On the scientific side, my main emphasis has been the faithful representation of scientific quantities: while software for scientific computation generally concerns itself with attaining the best precision available (ignoring the imprecision of the input data), I have concerned myself more with having the numeric types involved keep track of the uncertainties in data and the units in which things are measured.
Units are generally ignored in scientific computation; the system of units in use implies the units associated with each quantity so, the reasoning goes, one only needs to know each quantity's value. There are two flaws with this, from a software maintenance (i.e. we know there exist bugs) point of view: omitting conversion factors (e.g. when one converts from electron-Volts to Joules, or gallons per minute to cubic feet per second) is all too easy, and hard to notice when trying to work out why the code is producing wrong answers; and quantities with different units should not be added together. Having quantities know their own units makes it possible for a program to raise an error in the latter case; while eliminating the former issue. It also provides a handy check, when one does a quick computation in an interactive session, that one has computed what one expected – if the units aren't right, something went wrong !

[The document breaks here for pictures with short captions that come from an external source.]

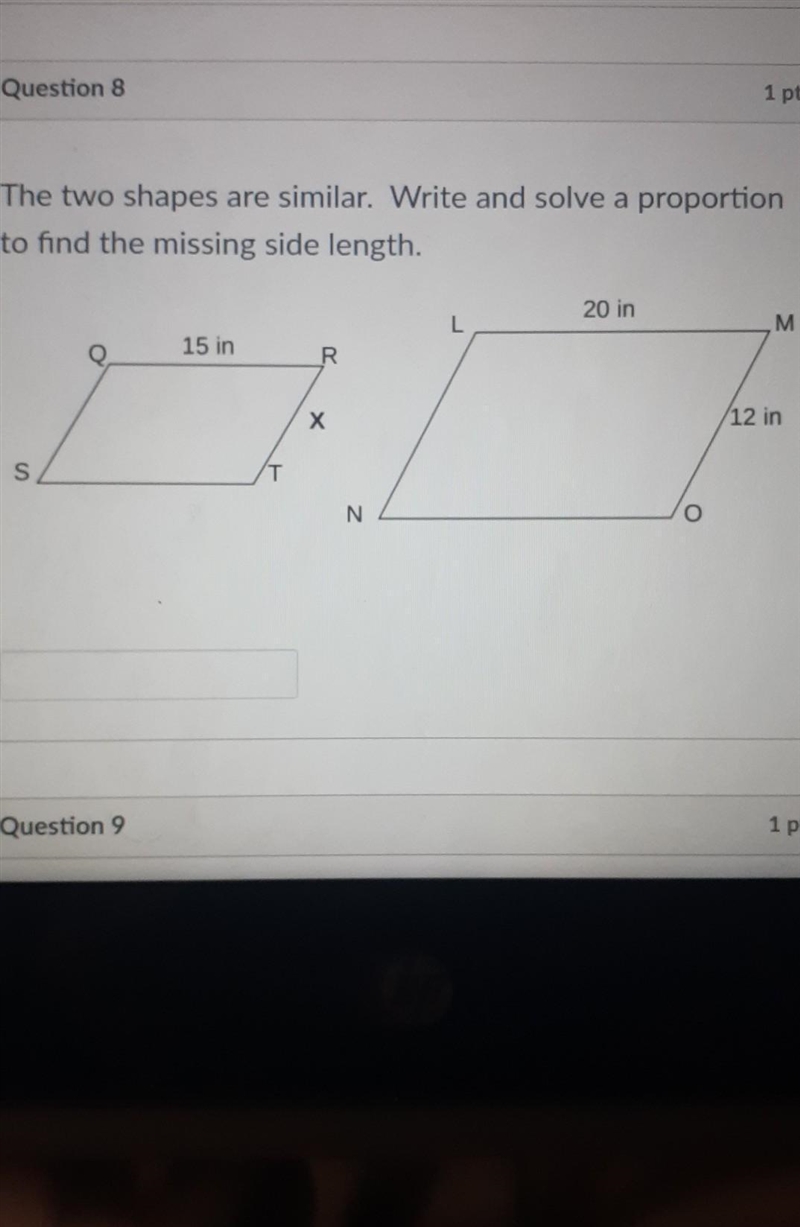 These two shapes are similiar. write and solve proportion to find the missing side-example-1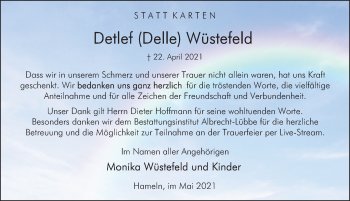 Traueranzeige von Detlef Wüstefeld von Deister- und Weserzeitung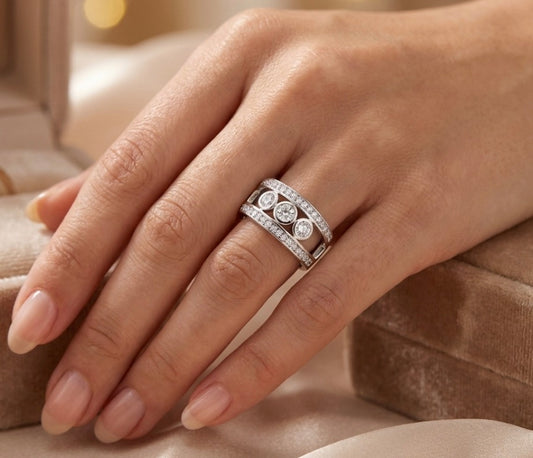Sterling Silver Wide Ladies Band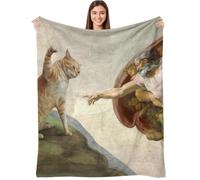 kampdream Funny Cat Art Flannel Blanket, Michelangelo Parody with Orange Cat, Super Soft and Warm Blanket for Couch Sofa Living Room Ideal Gift Beige 50×60 inch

Since python supports emulation of numeric types via magic
methods, it's entirely practical to ensure that quantities behave as required,
even to the extent of getting nice display. When displayed
(i.e. when repr or str is called on it), a number only
displays one more decimal place than is justified by its precision. Thus, when
it displays Hubble's constant, study.chemy.physics.Cosmos.Hubble,
as 2.3 * atto / second this package means that the data at my
disposal seem to indicate that there's at least a fifty percent likelihood that
the value lies between 1.5 aHz and 2.5 aHz (values in this
interval would all round to 2 aHz; in which a is the
abbreviation for quantifier atto = 1e-18 and Hz is the
short form for Hertz, an alternate name for 1/second) and
the next digit of my best estimate of the value is a 3, but there's
less than a fifty percent likelihood of the value falling between 2.25
aHz and 2.35 aHz.
I'm also a big fan of lazy evaluation; most of the types used in the package
support attributes which are only computed when they are first referenced. When
specifying one (or a few) of an object's attributes can suffice to determine
various others, this makes it possible for objects to know
many
attributes as soon as enough are specified. This carries the added advantage of
simplifying some cases where specifying enough of a set of attributes suffices
to determine the rest of the set, without it mattering (much) which attributes
in the set were specified. For example, specifying momentum, energy, frequency
or wavelength of a photon is sufficient to determine all of the others.
In on-going development (not yet released), I've been expanding on the basic python infrastructure I can use to handle lazy evaluation. I've also been arranging for weak lazy attributes; that is, dealing with attributes that can be computed on demand and remembered, but which can safely be forgotten if the garbage collector wishes to do so. This is particularly relevant in my on-going re-implementation of the tuple of prime numbers: the crude version available in the presently released code makes the hideous mistake of trying to hold all of its data in memory at once, even when most of that data has been saved to disk. The objects – deployed in the (as yet unreleased) new version – load data from disk but allow the garbage collector to discard the data once no longer actively in use. The class hierarchy of the infrastructure for the new cache is currently rather complex: I should probably analyse it some more and simplify it !
The mathematical infrastructure includes various standard functions, probability distributions and approximations. It provides classes for polynomials and permutations, an implementation of the find-unite algorithm for partitioning graphs, (an extended form of) Pascal's triangle and diverse tools used in assorted parts of this web-site.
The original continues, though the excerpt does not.